The NFL announced today that websites will not be permitted to run clips of NFL footage longer than 45 seconds. The NFL just doesn’t the power of the internet. Major League Baseball has MLB.tv, a network where subscribers get to see and hear footage of every baseball game and during the off season, subscribers get to watch footage of management and analysts talk about the business of baseball. NBA.com has highlights and games.
In a move designed to protect the Internet operations of its 32 teams, the pro football league has told news organizations that it will no longer permit them to carry unlimited online video clips of players, coaches or other officials, including video that the news organizations gather themselves on a team’s premises. News organizations can post no more than 45 seconds per day of video shot at a team’s facilities, including news conferences, interviews and practice-field reports.

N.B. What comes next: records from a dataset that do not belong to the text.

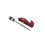 Masteelf Duimrelease Boogschieten 7,06X0,84X0,73 Cm Lichtbruin 6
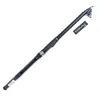 Wędka spławikowa Jaxon Tenesa Tele Slim 3.60m 10-30g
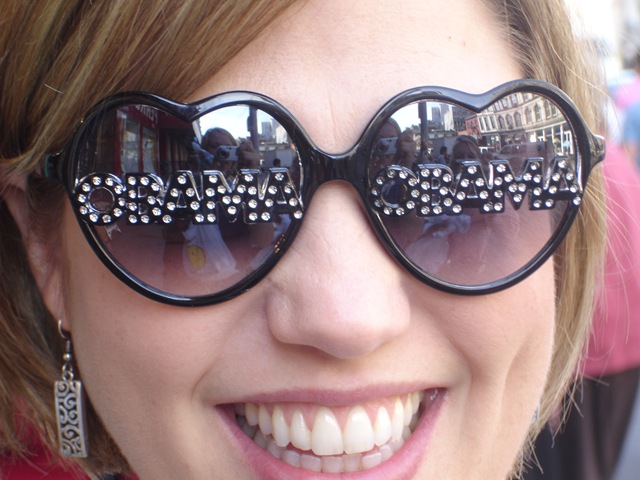 [new york sisters trip 006[10].jpg]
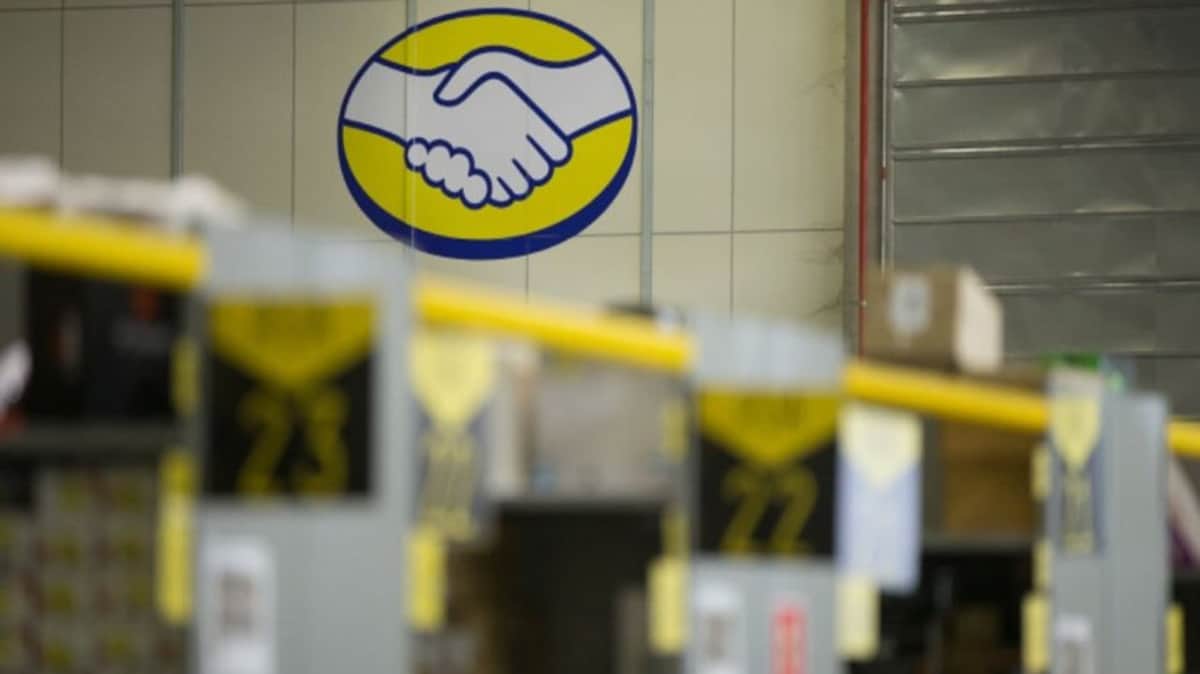 Mercado Libre aseguró que su ecosistema aportó US$ 5.400 millones, el 1% del PBI argentino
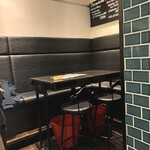 MITAN - 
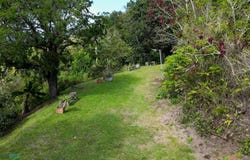 Jaguas, Gurabo, PR 00768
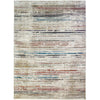 Desert Wave Rug Collection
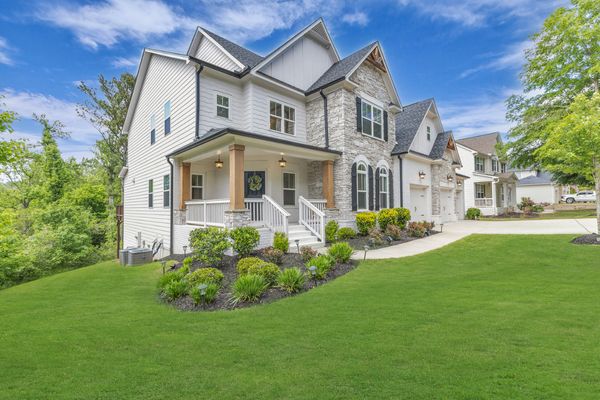 Cortney s Haus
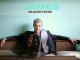 James Marsters - Good Night Sweet Girl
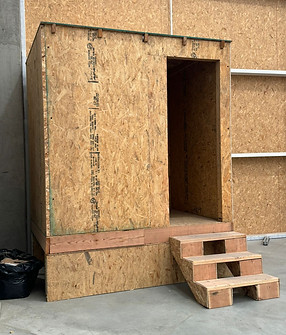 PHOTO-2024-01-18-10-55-30 2.jpg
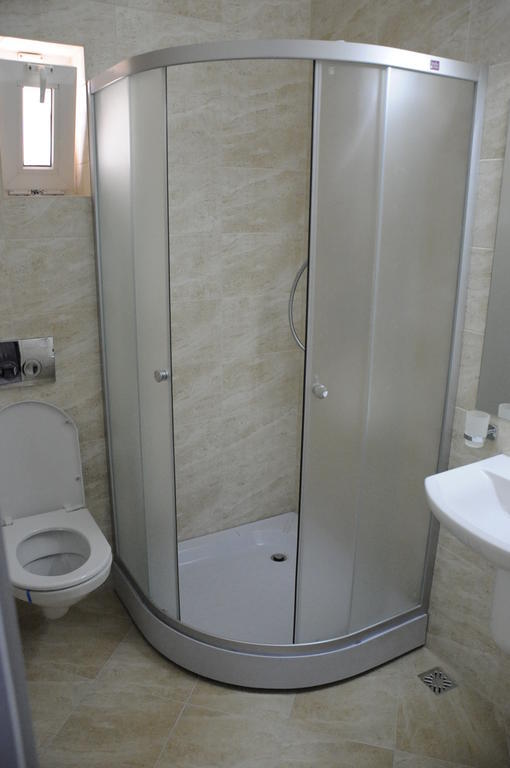 Vila Ozon Ranca Exterior foto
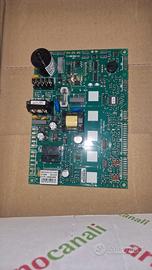  sime format dgt he 25 caldaia 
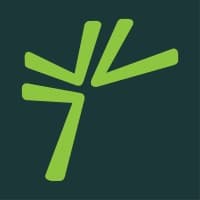 MAS Medical Staffing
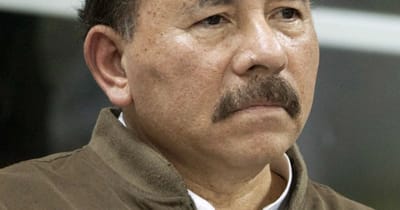 Ortega sagt Wahlen ab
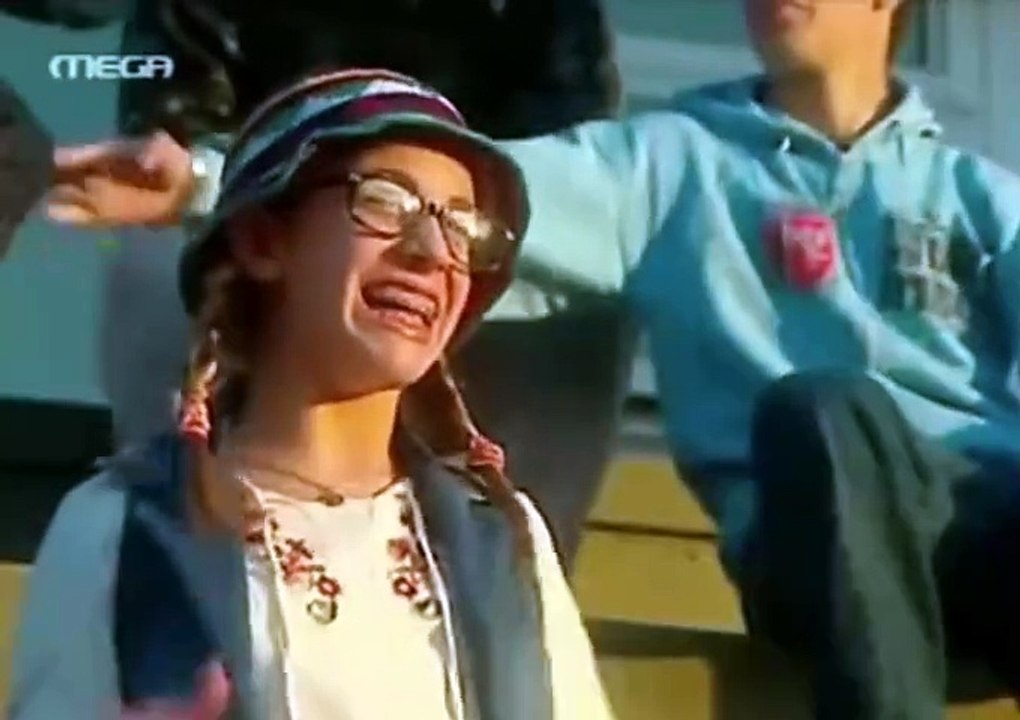 Final de patito feo (series de TV)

But this move isn’t to protect its property from winding up on YouTube, it limits media organizations from broadcasting content of practices on their websites to 45 seconds per day. Why does the NFL not want more people exposed to their game? Sure the stadiums pack 75,000 plus fans to the stadium eight Sundays a year, but what about the novice fans who learn about football from their local news channel or favorite non-sports website such as Yahoo or Google?
The future of sports, television, entertainment online is one that’s open and allows the sometimes fan to become a die-hard fan by learning every aspect of the game from the linear 60 game to behind the scenes moments such as player commentary.
The NFL should learn a lesson from the NBA and make the game more accessible to the public and the press not less.